BIM55120 - Farming in tax law: Short Rotation Coppice
Short rotation coppice consists of densely planted,
high-yielding varieties of either willow or poplar, harvested on a
2 - 5 years cycle, although commonly every 3 years. The roots (or
stools) are not disturbed and send up shoots, which are cut down to
ground level and used for fuel.
ITA2007/S996 and FA95/S154 provides that the cultivation of
short rotation coppice shall be treated as farming for Income Tax,
Corporation Tax and Capital Gains Tax purposes and that the land
occupied for such cultivation shall be agricultural land for
inheritance tax purposes. The Act defines ‘short rotation
coppice’ as ‘a perennial crop of tree species planted
at high density, the stems of which are harvested above ground
level at intervals of less than ten years’.
COSTS OF PLANTING THE CUTTINGS
We regard the initial cultivation of the land including any
spraying, ploughing, fencing, and planting of the cuttings as
capital costs. Any Woodland Grants received by the landowner should
be matched with these capital costs.
CAPITAL GAINS TAX
The costs of planting the cuttings referred to in the
previous paragraph represent expenditure on the land, as the stools
form part of the land. They will be allowable (net of any grant
offset against them) in computing chargeable gains if the land is
disposed of, provided they are reflected in the state of the land
at the time of disposal.
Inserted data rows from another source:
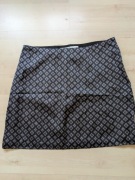 Spódniczka mini M Hollister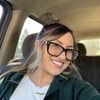 Kayleen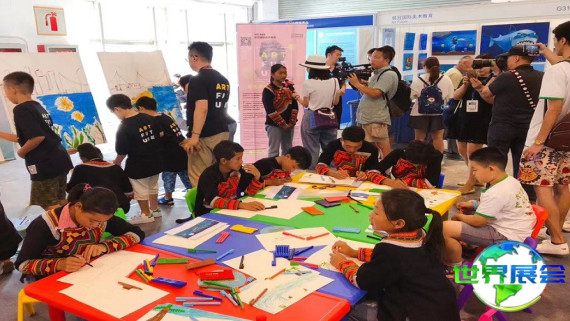 新加坡潜水展2026参展商名录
The cost will not be allowable if the
stools are grubbed up before the land is sold. If the capital costs
are not incurred by the person in receipt of the Woodland Grant
then this grant may give rise to a liability to capital gains tax.
The cost may be used to roll over gains from disposals of
other business assets under HMRC ESC/D22 `Relief for the
replacement of business assets: expenditure on improvements to
existing assets`.
COSTS FOLLOWING THE PLANTING OF THE CUTTINGS
These costs are of two types:
- direct costs such as weeding, disease prevention, harvesting and the costs of the first cut (including labour and machinery costs), and
- indirect costs such as rent, maintenance of farm buildings and general management costs.
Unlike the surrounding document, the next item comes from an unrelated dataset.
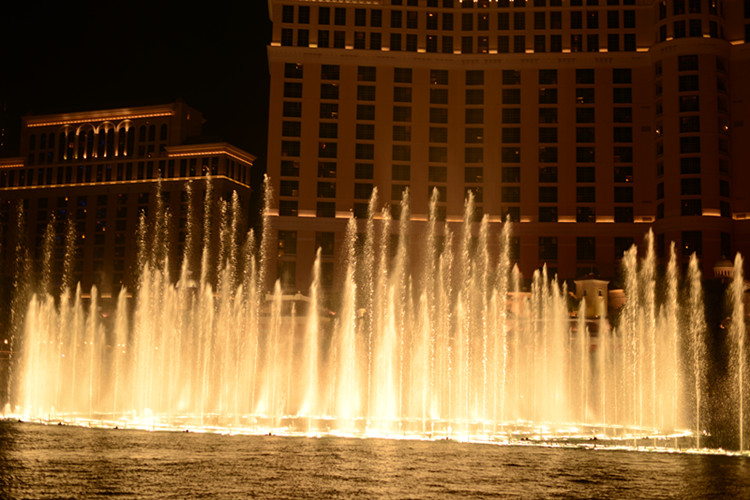 Thanksgiving at Las Vegas 2013 596_.jpg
All these costs are revenue expenses and are allowable in full.
Direct costs are allowed by matching them against subsequent
receipts from the sale of the crop and up to that time we would
expect to see them fully reflected in the annual valuation of the
coppice as a crop or carried forward in some other way. If the
coppice is cut in the first year to establish the stools any income
from sale of the cut material should be offset against these
expenses thus reducing the amount to be carried forward and allowed
against the income from the first harvest. Indirect costs may be
treated in the same way as direct costs. We regard this as
preferable but in most cases deducting them in the general farming
account rather than carrying them forward is acceptable. The
principles are explained further in HMRC Business Economic Note 19
’Farming - Stock Valuation for Income Tax Purposes’
(see
BIM55410).
For subsequent cycles, the expenses of maintaining the crop
should similarly be reflected in the valuation and matched against
the receipts from the harvest. The anticipated biological life of
the stools is around 30 years so approximately ten cycles may be
expected.
SET ASIDE
Set aside payments received should be treated as farming
income in the normal way. They are not regarded as income from the
coppice since they would be received even if it was not grown.
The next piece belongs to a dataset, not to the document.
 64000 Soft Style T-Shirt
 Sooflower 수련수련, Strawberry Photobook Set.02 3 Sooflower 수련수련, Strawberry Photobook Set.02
COSTS AT THE END OF THE LIFE OF THE STOOL
Once the cycle of harvesting the coppice is over, the stools
will normally be removed and, if necessary, drainage restored on
the land. The costs incurred for the removal of the stools and
their roots will be regarded as a capital expense. In view of the
expected life of the stools these costs will be a long way off and
a warning note must be sounded as law and practice may change. We
regard the issues raised by short rotation coppice to be similar in
principle to those relating to fruit orchards. At present a
renewals allowance is available if orchards are replanted and HMRC
would not seek to impose different treatment on the replacement of
coppices. The costs of restoring drainage will be allowed as a
revenue cost following HMRC SP5/81 ’Expenditure on Farm
Drainage’.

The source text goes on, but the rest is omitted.